**MATERIAL TO PROCESS**:
——
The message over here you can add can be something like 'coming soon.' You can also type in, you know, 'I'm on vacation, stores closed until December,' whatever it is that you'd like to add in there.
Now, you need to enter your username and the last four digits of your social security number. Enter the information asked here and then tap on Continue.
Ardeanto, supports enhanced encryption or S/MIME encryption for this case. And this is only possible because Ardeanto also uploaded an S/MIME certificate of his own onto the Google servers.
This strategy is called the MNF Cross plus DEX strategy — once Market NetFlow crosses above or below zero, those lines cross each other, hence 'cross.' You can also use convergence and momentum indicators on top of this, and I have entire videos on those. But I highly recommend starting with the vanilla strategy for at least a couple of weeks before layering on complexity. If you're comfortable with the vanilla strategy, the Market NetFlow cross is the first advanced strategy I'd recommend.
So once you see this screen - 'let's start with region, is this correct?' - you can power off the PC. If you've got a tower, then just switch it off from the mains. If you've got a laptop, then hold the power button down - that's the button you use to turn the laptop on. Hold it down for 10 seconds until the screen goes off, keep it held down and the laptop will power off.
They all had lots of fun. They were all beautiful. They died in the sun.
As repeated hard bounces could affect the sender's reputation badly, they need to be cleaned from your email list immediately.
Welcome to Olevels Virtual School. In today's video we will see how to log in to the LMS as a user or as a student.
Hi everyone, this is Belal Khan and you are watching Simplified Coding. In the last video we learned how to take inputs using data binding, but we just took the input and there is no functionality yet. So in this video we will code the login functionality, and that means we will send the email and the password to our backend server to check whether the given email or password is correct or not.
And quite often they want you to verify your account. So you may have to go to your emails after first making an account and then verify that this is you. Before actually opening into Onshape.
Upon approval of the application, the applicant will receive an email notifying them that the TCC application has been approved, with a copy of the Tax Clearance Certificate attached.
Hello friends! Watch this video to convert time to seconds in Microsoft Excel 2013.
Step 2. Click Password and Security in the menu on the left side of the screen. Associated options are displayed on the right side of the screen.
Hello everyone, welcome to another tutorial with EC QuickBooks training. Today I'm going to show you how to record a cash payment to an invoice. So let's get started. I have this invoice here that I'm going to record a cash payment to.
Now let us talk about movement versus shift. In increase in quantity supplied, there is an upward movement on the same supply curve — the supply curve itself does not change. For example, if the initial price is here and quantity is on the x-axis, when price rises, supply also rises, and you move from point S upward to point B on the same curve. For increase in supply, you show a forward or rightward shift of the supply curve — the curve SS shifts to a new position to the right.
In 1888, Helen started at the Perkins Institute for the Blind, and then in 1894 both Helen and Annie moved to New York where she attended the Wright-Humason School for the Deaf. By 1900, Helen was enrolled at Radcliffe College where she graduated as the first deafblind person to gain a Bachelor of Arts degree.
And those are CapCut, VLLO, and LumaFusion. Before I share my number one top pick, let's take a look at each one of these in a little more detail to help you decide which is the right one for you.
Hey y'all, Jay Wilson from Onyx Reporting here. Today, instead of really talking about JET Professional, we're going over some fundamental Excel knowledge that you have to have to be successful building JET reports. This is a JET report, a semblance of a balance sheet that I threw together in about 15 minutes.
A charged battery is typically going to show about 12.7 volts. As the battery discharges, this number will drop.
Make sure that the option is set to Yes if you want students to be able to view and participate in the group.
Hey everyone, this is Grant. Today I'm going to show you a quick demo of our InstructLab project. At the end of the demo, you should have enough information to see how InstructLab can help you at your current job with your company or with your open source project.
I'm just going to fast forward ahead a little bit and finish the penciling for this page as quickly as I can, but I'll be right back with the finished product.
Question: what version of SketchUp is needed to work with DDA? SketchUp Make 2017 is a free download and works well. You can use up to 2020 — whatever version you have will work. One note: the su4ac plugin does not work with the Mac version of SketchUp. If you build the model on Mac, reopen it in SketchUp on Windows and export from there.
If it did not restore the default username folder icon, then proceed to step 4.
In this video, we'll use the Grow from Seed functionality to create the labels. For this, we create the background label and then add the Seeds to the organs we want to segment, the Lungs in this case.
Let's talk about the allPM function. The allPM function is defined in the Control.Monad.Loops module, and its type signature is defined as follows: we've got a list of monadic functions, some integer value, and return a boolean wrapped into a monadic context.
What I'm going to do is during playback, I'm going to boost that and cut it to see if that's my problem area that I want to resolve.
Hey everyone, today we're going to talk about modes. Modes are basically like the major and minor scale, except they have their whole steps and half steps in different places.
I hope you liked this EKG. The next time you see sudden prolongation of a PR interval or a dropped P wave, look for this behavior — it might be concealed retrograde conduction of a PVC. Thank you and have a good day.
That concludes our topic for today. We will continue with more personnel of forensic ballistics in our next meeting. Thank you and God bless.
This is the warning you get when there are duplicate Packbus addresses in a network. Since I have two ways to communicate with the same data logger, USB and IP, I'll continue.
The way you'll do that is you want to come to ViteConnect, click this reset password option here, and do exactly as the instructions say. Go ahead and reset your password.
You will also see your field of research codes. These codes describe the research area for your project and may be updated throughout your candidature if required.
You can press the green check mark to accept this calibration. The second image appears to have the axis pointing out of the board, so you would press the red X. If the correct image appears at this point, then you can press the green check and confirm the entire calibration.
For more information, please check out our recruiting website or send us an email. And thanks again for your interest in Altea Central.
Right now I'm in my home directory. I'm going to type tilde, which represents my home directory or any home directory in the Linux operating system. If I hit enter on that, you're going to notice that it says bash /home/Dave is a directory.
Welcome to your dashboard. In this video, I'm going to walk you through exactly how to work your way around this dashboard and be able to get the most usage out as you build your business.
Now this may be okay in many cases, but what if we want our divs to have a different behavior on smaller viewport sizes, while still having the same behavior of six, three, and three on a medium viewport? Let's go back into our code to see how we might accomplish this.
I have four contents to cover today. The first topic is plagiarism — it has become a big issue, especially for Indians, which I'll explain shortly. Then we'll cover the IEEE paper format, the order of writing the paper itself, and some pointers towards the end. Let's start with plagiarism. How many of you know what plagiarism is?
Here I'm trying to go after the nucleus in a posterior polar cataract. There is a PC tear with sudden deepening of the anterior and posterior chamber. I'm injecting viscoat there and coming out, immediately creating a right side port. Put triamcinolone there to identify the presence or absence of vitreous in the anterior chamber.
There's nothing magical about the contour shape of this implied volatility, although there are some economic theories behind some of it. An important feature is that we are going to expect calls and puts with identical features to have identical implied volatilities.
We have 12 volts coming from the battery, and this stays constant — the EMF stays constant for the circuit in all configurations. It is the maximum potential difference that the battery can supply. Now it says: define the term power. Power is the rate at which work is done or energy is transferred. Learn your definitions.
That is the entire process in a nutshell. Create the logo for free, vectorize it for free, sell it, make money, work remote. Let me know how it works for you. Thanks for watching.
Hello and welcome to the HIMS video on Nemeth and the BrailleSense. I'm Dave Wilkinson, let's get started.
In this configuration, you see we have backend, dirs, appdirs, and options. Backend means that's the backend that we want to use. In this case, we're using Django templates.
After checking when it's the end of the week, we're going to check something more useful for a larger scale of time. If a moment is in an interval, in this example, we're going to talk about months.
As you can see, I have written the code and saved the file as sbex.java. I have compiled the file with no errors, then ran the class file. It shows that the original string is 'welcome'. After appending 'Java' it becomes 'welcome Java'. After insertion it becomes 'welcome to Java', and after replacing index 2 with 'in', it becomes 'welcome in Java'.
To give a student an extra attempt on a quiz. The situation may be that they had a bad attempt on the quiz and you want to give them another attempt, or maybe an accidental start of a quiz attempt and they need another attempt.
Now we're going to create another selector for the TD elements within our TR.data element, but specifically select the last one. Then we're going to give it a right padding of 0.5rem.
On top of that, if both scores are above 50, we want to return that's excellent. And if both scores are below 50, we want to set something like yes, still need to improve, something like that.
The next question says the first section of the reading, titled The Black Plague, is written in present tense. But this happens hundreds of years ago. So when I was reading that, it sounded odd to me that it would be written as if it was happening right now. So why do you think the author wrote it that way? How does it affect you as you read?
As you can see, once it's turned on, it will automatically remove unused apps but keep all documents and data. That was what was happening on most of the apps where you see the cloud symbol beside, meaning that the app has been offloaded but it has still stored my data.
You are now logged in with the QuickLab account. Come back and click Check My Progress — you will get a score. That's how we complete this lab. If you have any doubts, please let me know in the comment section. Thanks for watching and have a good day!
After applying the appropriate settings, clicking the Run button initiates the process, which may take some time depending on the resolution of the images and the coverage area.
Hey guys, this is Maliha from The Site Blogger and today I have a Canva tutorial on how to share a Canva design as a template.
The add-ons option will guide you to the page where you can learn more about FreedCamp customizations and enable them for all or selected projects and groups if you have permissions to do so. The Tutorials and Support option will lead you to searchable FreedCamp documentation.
——
**ASSIGNED TASK**: Look above for the line with "And quite often"; retype exactly that line, every line after it up to the line with "Now let us talk", and that line too, nothing else.

**TASK ANSWER**:
And quite often they want you to verify your account. So you may have to go to your emails after first making an account and then verify that this is you. Before actually opening into Onshape.
Upon approval of the application, the applicant will receive an email notifying them that the TCC application has been approved, with a copy of the Tax Clearance Certificate attached.
Hello friends! Watch this video to convert time to seconds in Microsoft Excel 2013.
Step 2. Click Password and Security in the menu on the left side of the screen. Associated options are displayed on the right side of the screen.
Hello everyone, welcome to another tutorial with EC QuickBooks training. Today I'm going to show you how to record a cash payment to an invoice. So let's get started. I have this invoice here that I'm going to record a cash payment to.
Now let us talk about movement versus shift. In increase in quantity supplied, there is an upward movement on the same supply curve — the supply curve itself does not change. For example, if the initial price is here and quantity is on the x-axis, when price rises, supply also rises, and you move from point S upward to point B on the same curve. For increase in supply, you show a forward or rightward shift of the supply curve — the curve SS shifts to a new position to the right.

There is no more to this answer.